#### TASK INSTRUCTIONS
The material below holds pictures, which are to be left out; copy exactly the lines from the one with "MLB Light Milwaukee" through the one with "Caja De Clavos".

#### MATERIAL PROVIDED
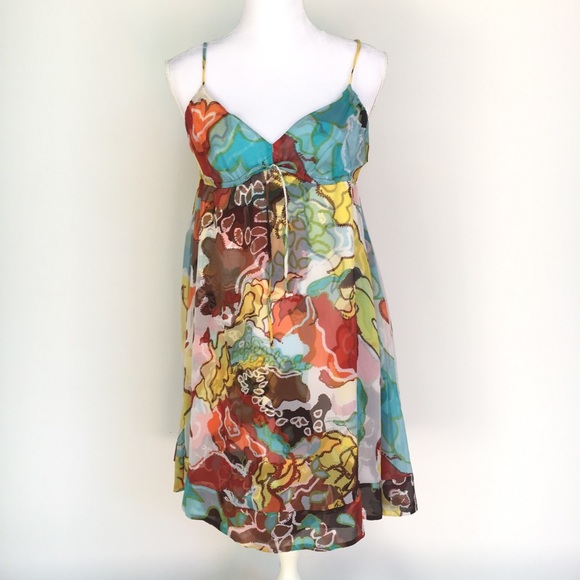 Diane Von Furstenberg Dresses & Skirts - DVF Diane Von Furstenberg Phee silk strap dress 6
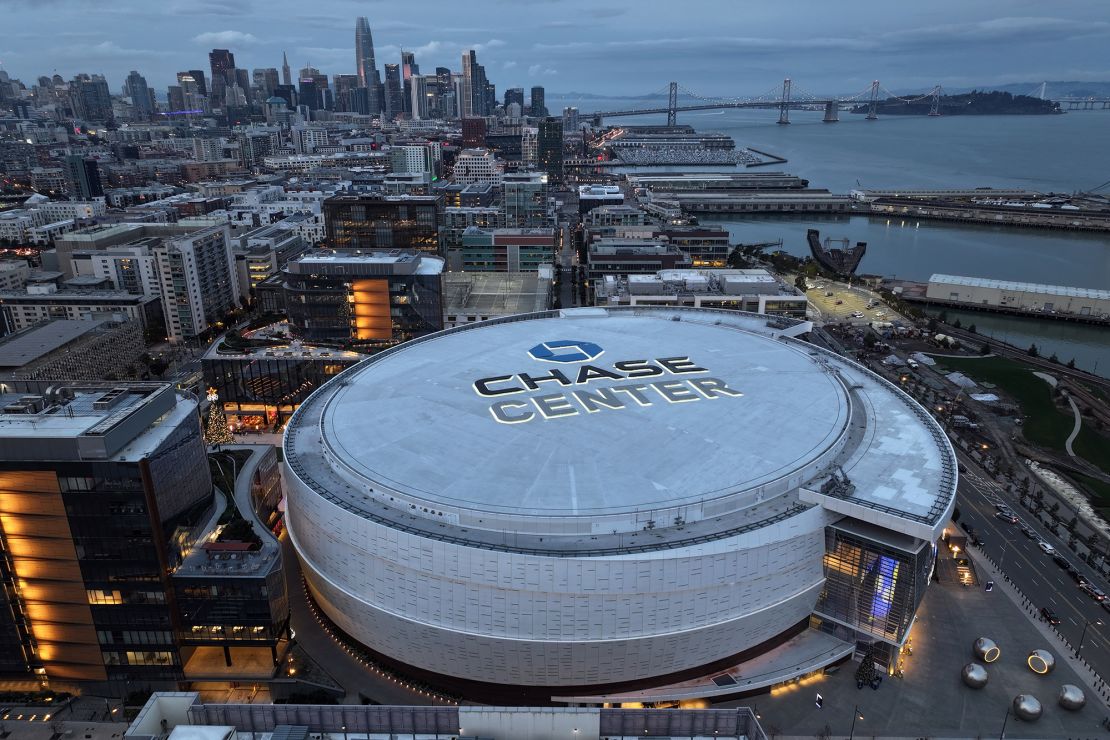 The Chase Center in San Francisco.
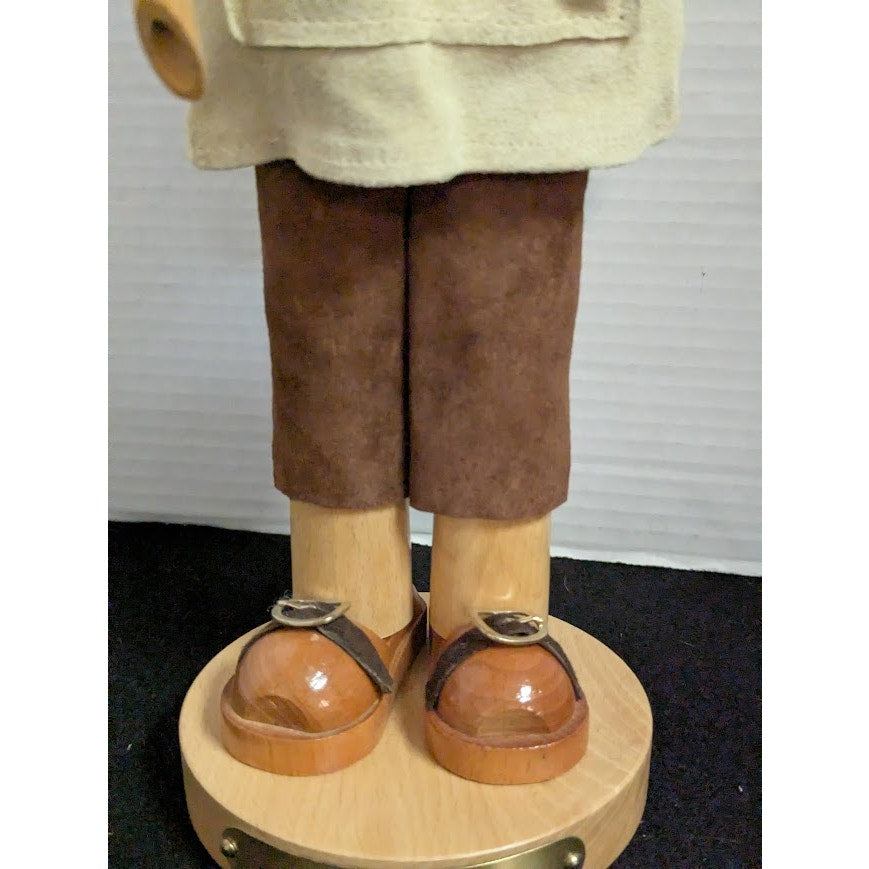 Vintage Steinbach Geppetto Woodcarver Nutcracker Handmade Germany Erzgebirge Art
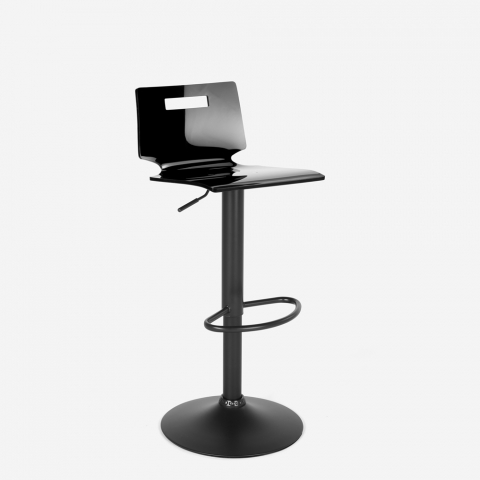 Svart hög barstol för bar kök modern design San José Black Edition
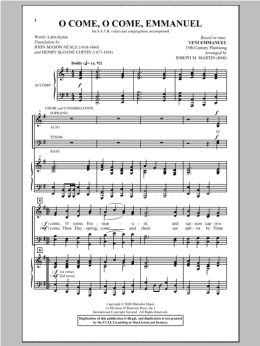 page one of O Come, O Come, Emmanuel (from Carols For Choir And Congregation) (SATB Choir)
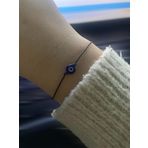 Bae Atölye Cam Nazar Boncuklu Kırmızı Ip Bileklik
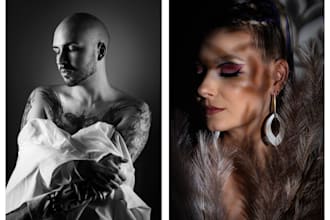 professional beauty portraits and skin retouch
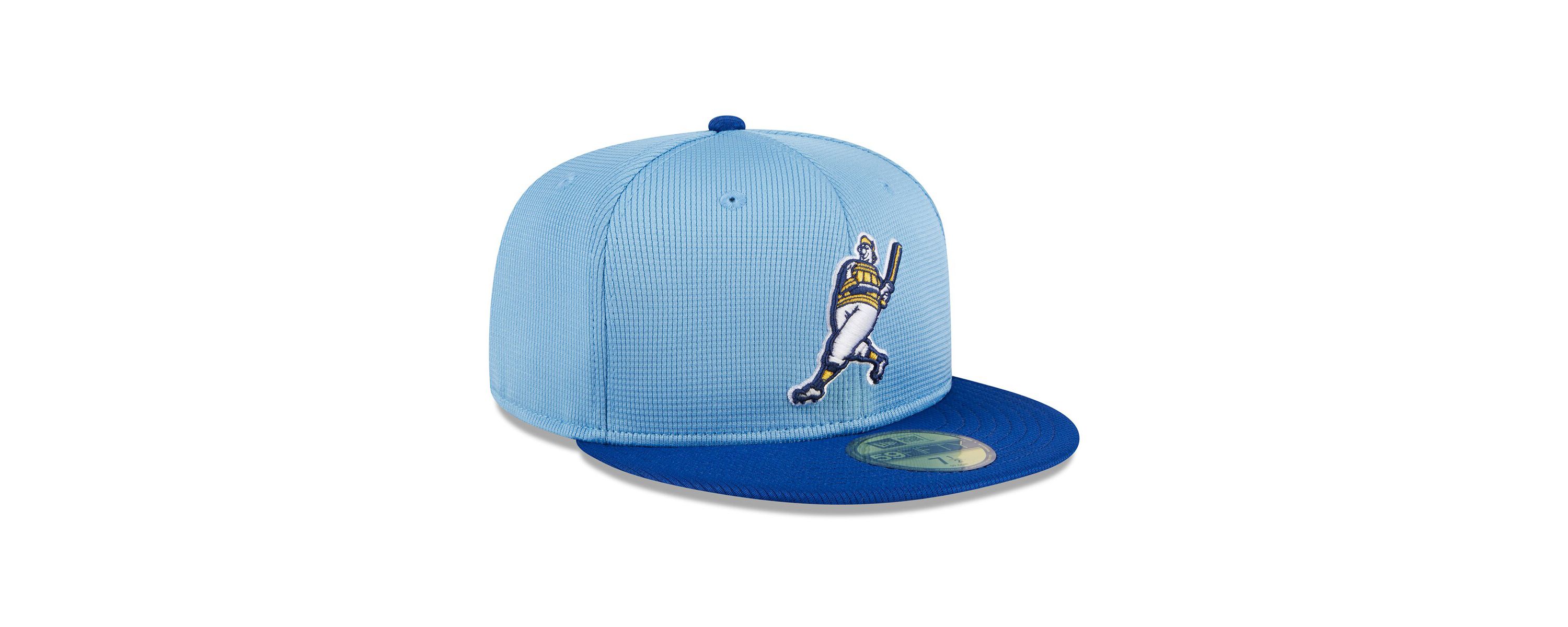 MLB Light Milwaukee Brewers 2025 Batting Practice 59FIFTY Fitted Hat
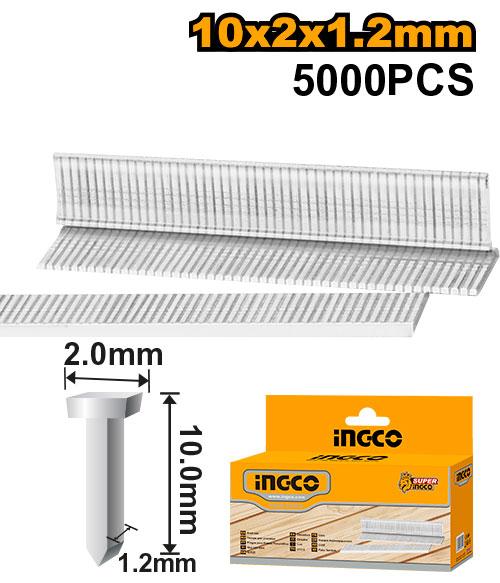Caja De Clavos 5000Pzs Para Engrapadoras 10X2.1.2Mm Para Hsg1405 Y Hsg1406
--
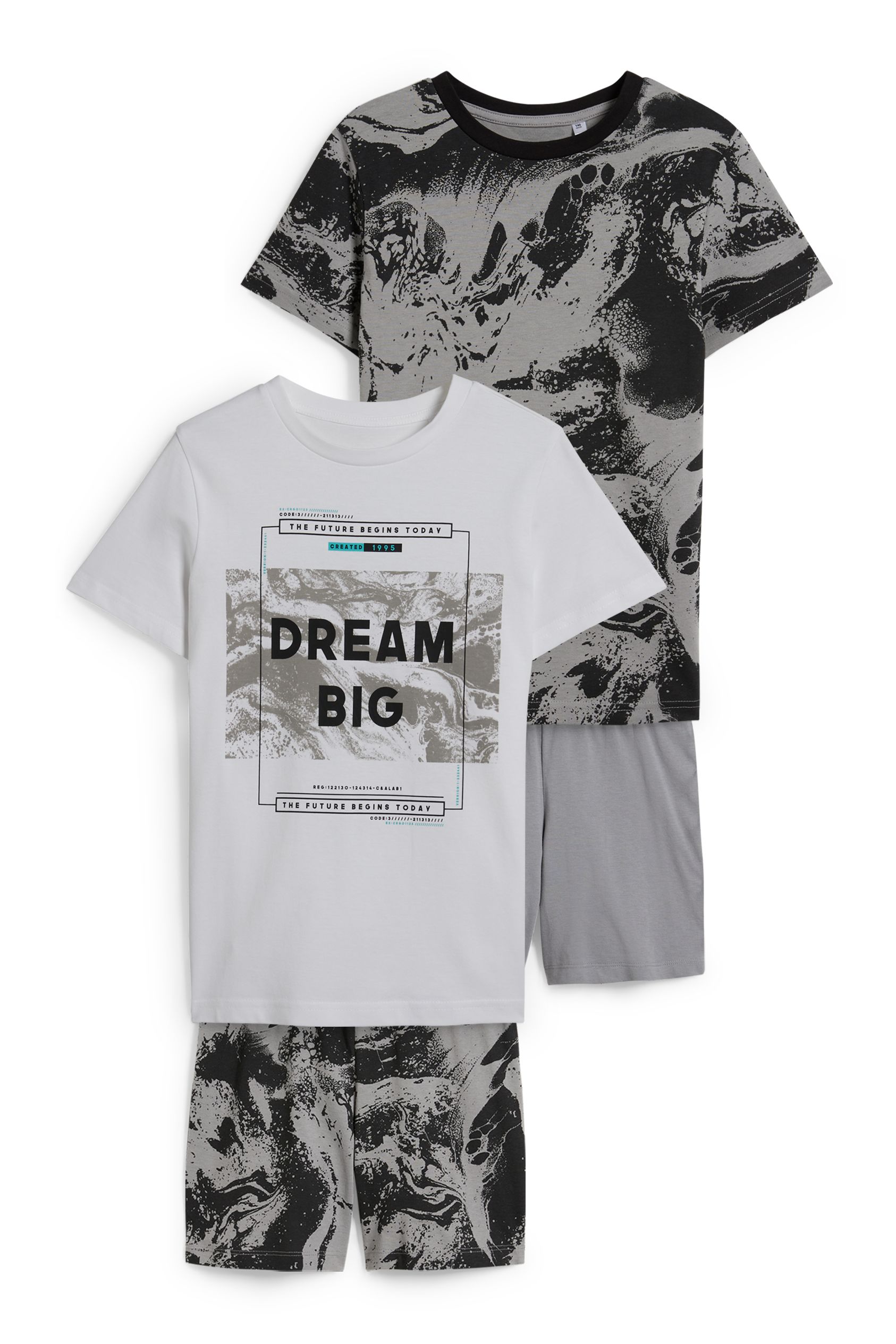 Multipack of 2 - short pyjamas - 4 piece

#### RESULT OF THIS EXERCISE
 MLB Light Milwaukee Brewers 2025 Batting Practice 59FIFTY Fitted Hat
Caja De Clavos 5000Pzs Para Engrapadoras 10X2.1.2Mm Para Hsg1405 Y Hsg1406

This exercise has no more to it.